Obviously, different join forms should be used in different occasions. Among them, left join and right join are equivalent. Since the keys in their results are determined by the table on one side, they are often used to add to the target table in a direction. The tables on both sides of the inner and outer join are often in similar positions (swapping the positions of the left and right tables does not change the results). If you want to extract the intersection or union of the keys, the specific operation needs to be determined according to the business needs.

### 2. Value connection

In the example in the above diagram, the two tables are connected based on the value of a column. In fact, they can also be connected by a combination of several columns. This value-based connection can be implemented by the `merge` function in `pandas`, for exampleLeft join of a graph:

In [2]:
df1 = pd.DataFrame({'Name':['San Zhang','Si Li'], 'Age':[20,30]})
df2 = pd.DataFrame({'Name':['Si Li','Wu Wang'], 'Gender':['F','M']})
df1.merge(df2, on='Name', how='left')

Unnamed: 0,Name,Age,Gender
0,San Zhang,20,
1,Si Li,30,F


If the columns you want to connect in the two tables do not have the same column name, you can specify it using `left_on` and `right_on`:

In [3]:
df1 = pd.DataFrame({'df1_name':['San Zhang','Si Li'], 'Age':[20,30]})
df2 = pd.DataFrame({'df2_name':['Si Li','Wu Wang'], 'Gender':['F','M']})
df1.merge(df2, left_on='df1_name', right_on='df2_name', how='left')

Unnamed: 0,df1_name,Age,df2_name,Gender
0,San Zhang,20,,
1,Si Li,30,Si Li,F


If there are duplicate column names in the two tables, you can specify them using the `suffixes` parameter. For example, when merging test scores, the first table records the Chinese scores and the second table records the math scores:

In [4]:
df1 = pd.DataFrame({'Name':['San Zhang'],'Grade':[70]})
df2 = pd.DataFrame({'Name':['San Zhang'],'Grade':[80]})
df1.merge(df2, on='Name', how='left', suffixes=['_Chinese','_Math'])

Unnamed: 0,Name,Grade_Chinese,Grade_Math
0,San Zhang,70,80


Sometimes duplicate elements are troublesome, for example, two students are from different classes, but have the same name.
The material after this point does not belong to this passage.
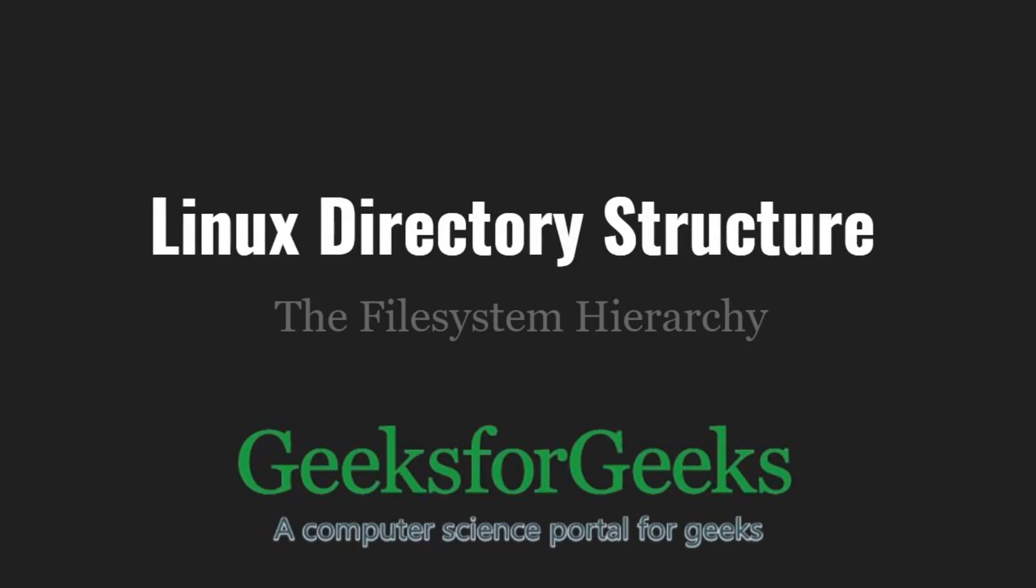Hello friends and welcome to GeeksforGeeks. In this video, we are going to understand the Linux directory structure.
In this case, you need to specify the `on` parameter to multiple columns to connect correctly:

In [5]:
df1 = pd.DataFrame({'Name':['San Zhang', 'San Zhang'],
                    'Age':[20, 21],
                    'Class':['one', 'two']})
df2 = pd.DataFrame({'Name':['San Zhang', 'San Zhang'],
                    'Gender':['F', 'M'],
                    'Class':['two', 'one']})
df1

Unnamed: 0,Name,Age,Class
0,San Zhang,20,one
1,San Zhang,21,two


In [6]:
df2

Unnamed: 0,Name,Gender,Class
0,San Zhang,F,two
1,San Zhang,M,one


In [7]:
df1.merge(df2, on='Name', how='left') # 错误的结果

Unnamed: 0,Name,Age,Class_x,Gender,Class_y
0,San Zhang,20,one,F,two
1,San Zhang,20,one,M,one
2,San Zhang,21,two,F,two
3,San Zhang,21,two,M,one


In [8]:
df1.merge(df2, on=['Name', 'Class'], how='left') # 正确的结果

Unnamed: 0,Name,Age,Class,Gender
0,San Zhang,20,one,M
1,San Zhang,21,two,F


From the above example, if the key is not unique, there will be problems in the connection based on uniqueness. The number of rows in the example is small, but if there are hundreds of thousands to millions of rows in the actual data to be merged, if you want to ensure uniqueness, in addition to using `duplicated` to check whether there are duplicates, `merge` also provides a `validate` parameter to check the uniqueness mode of the connection. There are three modes here, namely one-to-one connection `1:1`, one-to-many connection `1:m`, and many-to-one connection `m:1`. The first one means that the keys of the left and right tables are unique, and the latter two refer to the uniqueness of the left table key and the uniqueness of the right table key respectively.

#### [Practice]
In the above example with multiple columns as keys, the wrong writing is obviously a many-to-many connection, while the correct writing is a one-to-one connection. Please modify the original table so that the correct writing with multiple columns as keys can pass the `validate='1:m'` test, but cannot pass the `validate='m:1'` test.
#### 【END】

### 3. Index join

The so-called index join is to use the index as the key, so it is essentially the same as value join. In `pandas`, the `join` function is used to handle index joins. Its parameter selection is less than that of `merge`. In addition to the required `on` and `how`, the left and right suffixes `lsuffix` and `rsuffix` can be specified for repeated columns. Among them, `oThe n` parameter refers to the index name. When the parameter is omitted for single-layer indexing, the connection is made according to the current index.

In [9]:
df1 = pd.DataFrame({'Age':[20,30]}, index=pd.Series(['San Zhang','Si Li'],name='Name'))
df2 = pd.DataFrame({'Gender':['F','M']}, index=pd.Series(['Si Li','Wu Wang'],name='Name'))
df1.join(df2, how='left')

Unnamed: 0_level_0,Age,Gender
Name,Unnamed: 1_level_1,Unnamed: 2_level_1
San Zhang,20,
Si Li,30,F


Following the example in Section 2, write a `join` version that combines language and math scores:

In [10]:
df1 = pd.DataFrame({'Grade':[70]}, index=pd.Series(['San Zhang'], name='Name'))
df2 = pd.DataFrame({'Grade':[80]}, index=pd.Series(['San Zhang'], name='Name'))
df1.join(df2, how='left', lsuffix='_Chinese', rsuffix='_Math')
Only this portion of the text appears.